Pictures are to be left out, and the rest of the records reproduced exactly.

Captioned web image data
╔══
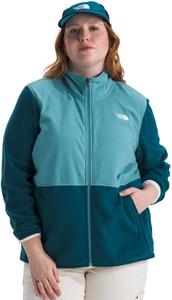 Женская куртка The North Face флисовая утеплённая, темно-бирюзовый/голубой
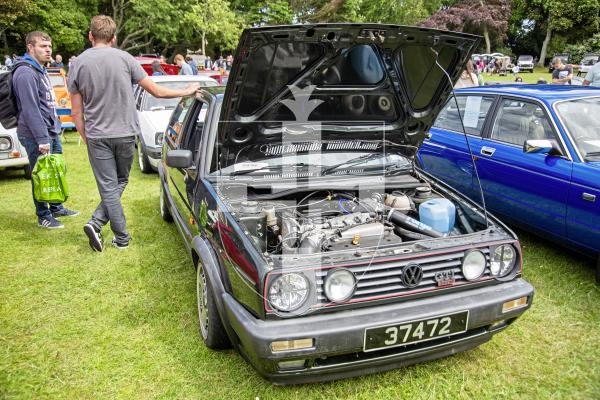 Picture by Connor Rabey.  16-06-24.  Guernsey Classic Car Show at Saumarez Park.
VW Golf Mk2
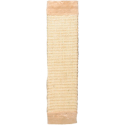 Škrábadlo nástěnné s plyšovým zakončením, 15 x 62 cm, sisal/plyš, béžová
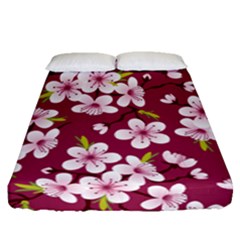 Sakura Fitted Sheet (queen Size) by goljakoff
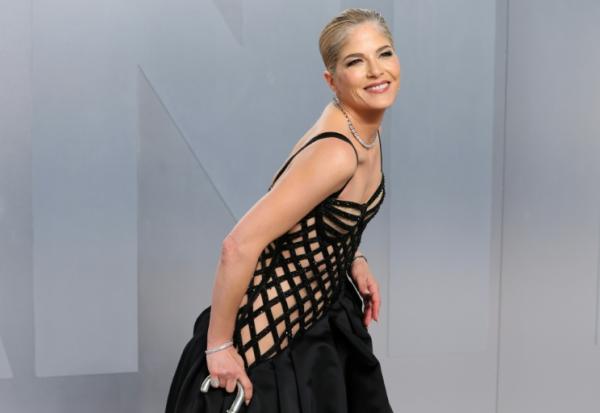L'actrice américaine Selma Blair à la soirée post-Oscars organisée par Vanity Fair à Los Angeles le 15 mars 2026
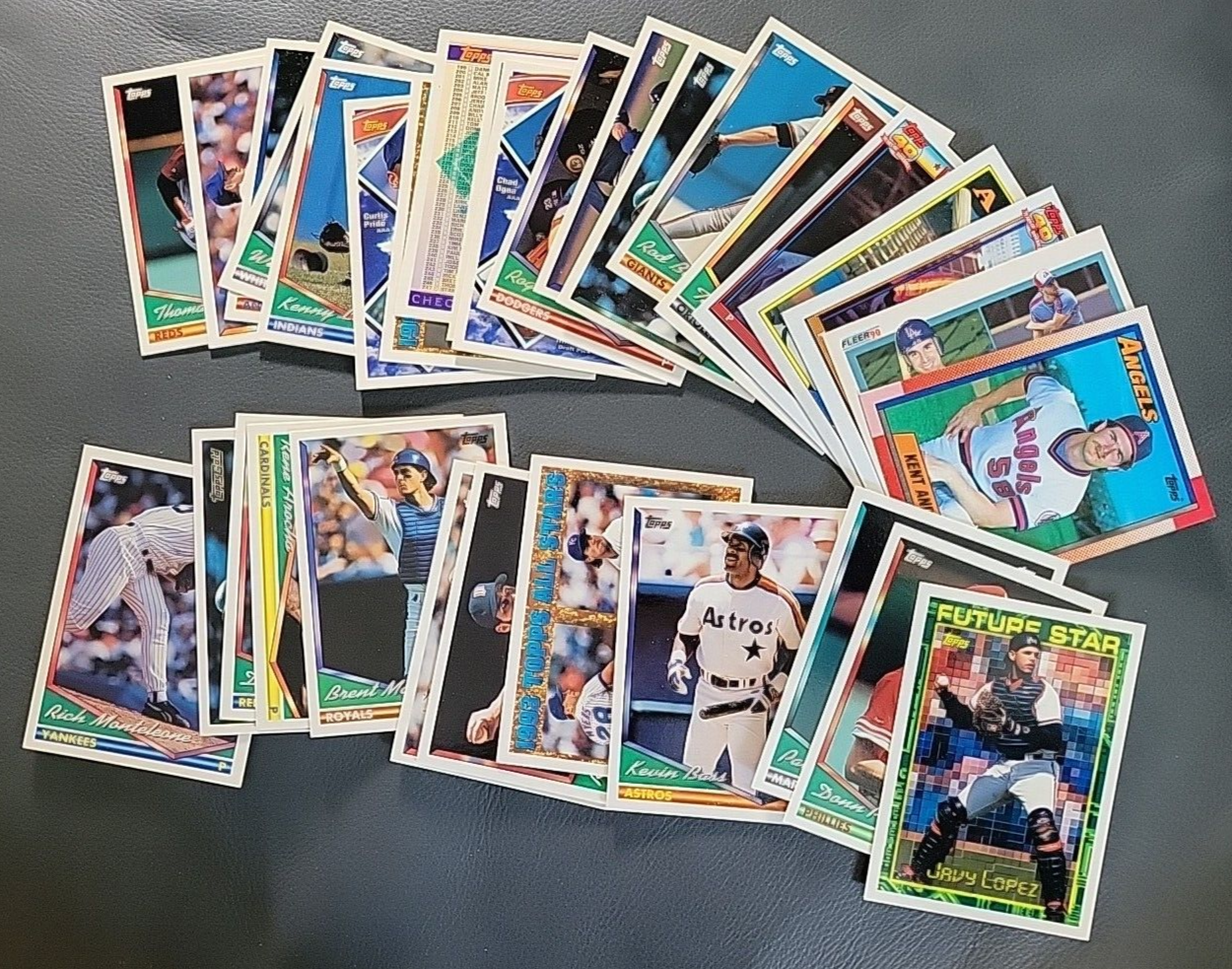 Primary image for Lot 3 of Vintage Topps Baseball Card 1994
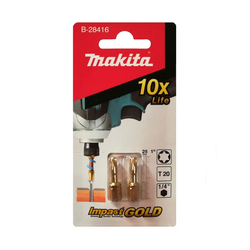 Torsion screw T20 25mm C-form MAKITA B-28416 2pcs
╚══
Response:
 Женская куртка The North Face флисовая утеплённая, темно-бирюзовый/голубой
 Picture by Connor Rabey.  16-06-24.  Guernsey Classic Car Show at Saumarez Park.
VW Golf Mk2
 Škrábadlo nástěnné s plyšovým zakončením, 15 x 62 cm, sisal/plyš, béžová
 Sakura Fitted Sheet (queen Size) by goljakoff
L'actrice américaine Selma Blair à la soirée post-Oscars organisée par Vanity Fair à Los Angeles le 15 mars 2026
 Primary image for Lot 3 of Vintage Topps Baseball Card 1994
 Torsion screw T20 25mm C-form MAKITA B-28416 2pcs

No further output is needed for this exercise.